En France, l’un des problèmes majeurs liés aux pesticides concerne la betterave sucrière. Deux virus, transmis par un puceron, provoquent son jaunissement. Les feuilles deviennent cassantes, la photosynthèse diminue et la plante meurt. Les pertes peuvent atteindre plus de 50 % des récoltes.
En 2020, deux ans après l’interdiction des néonicotinoïdes en Europe, la jaunisse a gravement touché les cultures françaises. Face à cette crise, le gouvernement a accordé des dérogations pour trois ans. Les producteurs ont réclamé cette mesure, car l’enrobage des semences est une solution simple et peu coûteuse.
Cependant, l’ANSES propose d’autres alternatives :
Des pesticides chimiques de substitution, même si leur pulvérisation n’est pas idéale pour la nature et les agriculteurs.
L’introduction de prédateurs naturels comme les coccinelles, qui s’attaquent aux pucerons.
L’usage de pesticides synthétiques ou naturels.
Une application d’huiles végétales pour empêcher les pucerons d’attaquer la plante.
L’intercalation de merisiers ou d’érables entre les betteraves pour réduire leur attractivité pour les pucerons.
On évoque aussi la création de plantes génétiquement modifiées résistantes à la jaunisse, mais ce processus prend au moins dix ans.
L’ANSES estime qu’aucune de ces solutions ne suffit seule. Elles doivent être combinées, mais leur coût reste élevé pour les agriculteurs.
La betterave sucrière sert principalement à produire du sucre, de l’alcool pour l’industrie pharmaceutique et cosmétique, ainsi que du bioéthanol. Cette filière emploie des dizaines de milliers de personnes en Europe. L’interdiction des néonicotinoïdes entraînera inévitablement des pertes d’emplois.
Interdire ou pas ?
Faut-il alors maintenir leur utilisation malgré leurs dangers ? Suite à un arrêt de la Cour de justice de l’Union européenne du 19 janvier 2023, le Conseil d’État déclare illégales les dérogations accordées en 2021 et 2022 pour l’utilisation des néonicotinoïdes dans la culture de betteraves sucrières. En effet, aucune dérogation n’est possible si la Commission européenne a interdit un pesticide de manière formelle. Pourtant, le 27 janvier 2025, le Sénat a voté une loi autorisant l’usage de l’acétamipride, un pesticide de la famille des néonicotinoïdes, et assouplissant la réglementation des pesticides.
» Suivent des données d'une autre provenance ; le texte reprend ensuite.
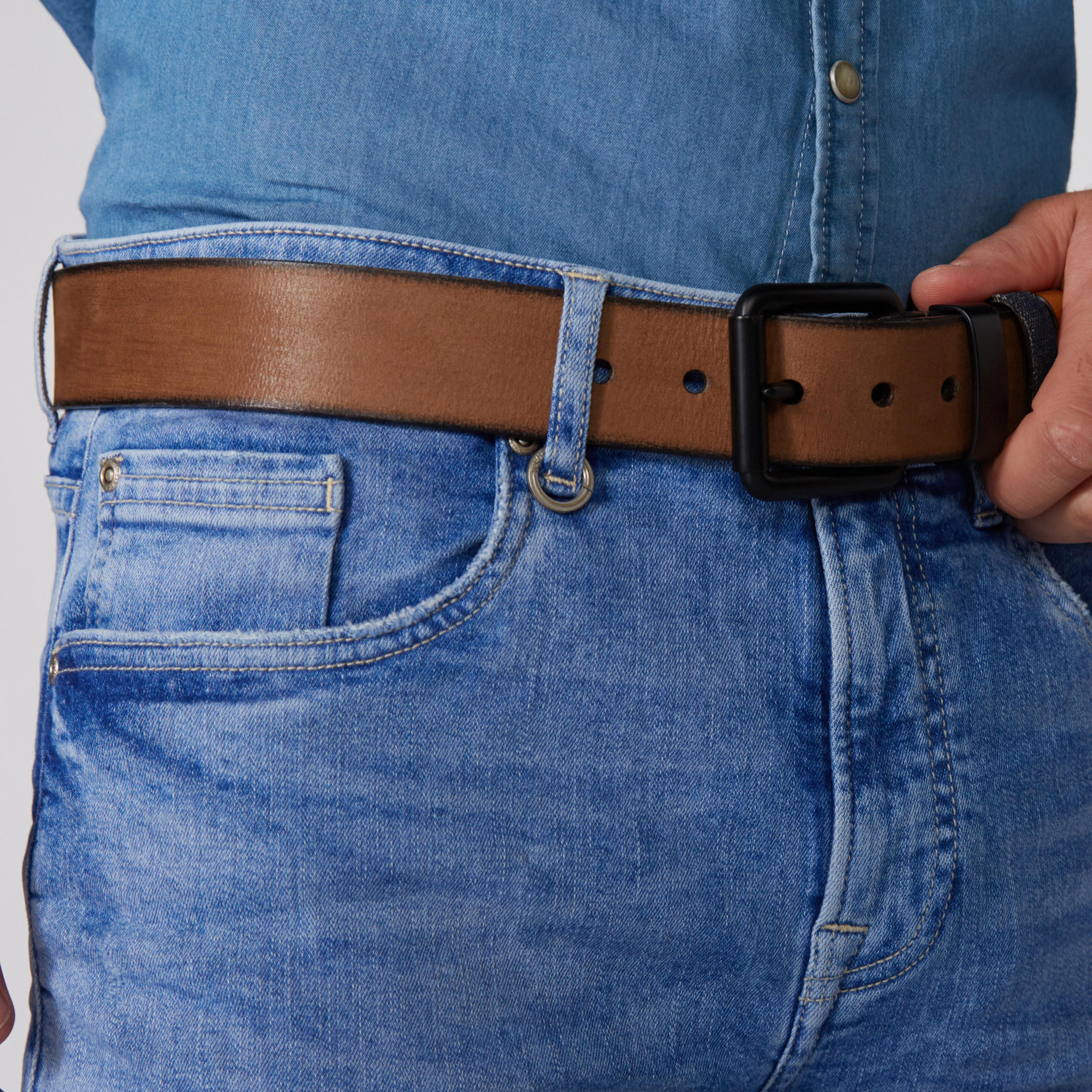 حزام بارز الملمس بإبزيم إغلاق بدبوس-men-beltsandwallets-belts-image-2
L’Union Nationale de l’Apiculture Française dénonce cette décision, soutenue par la FNSEA et les Jeunes Agriculteurs, estimant qu’elle menace les pollinisateurs, la santé publique, l’agriculture et l’environnement, remettant en cause les avancées réalisées depuis 2016. Tout est accordé pour éviter de revoir des tracteurs sur les autoroutes. Même l’inacceptable. L’interdiction de ces néonicotinoïdes, des insecticides « trop efficaces », semblait pourtant une évidence, une nécessité vitale à long terme. Encore une régression, une de plus.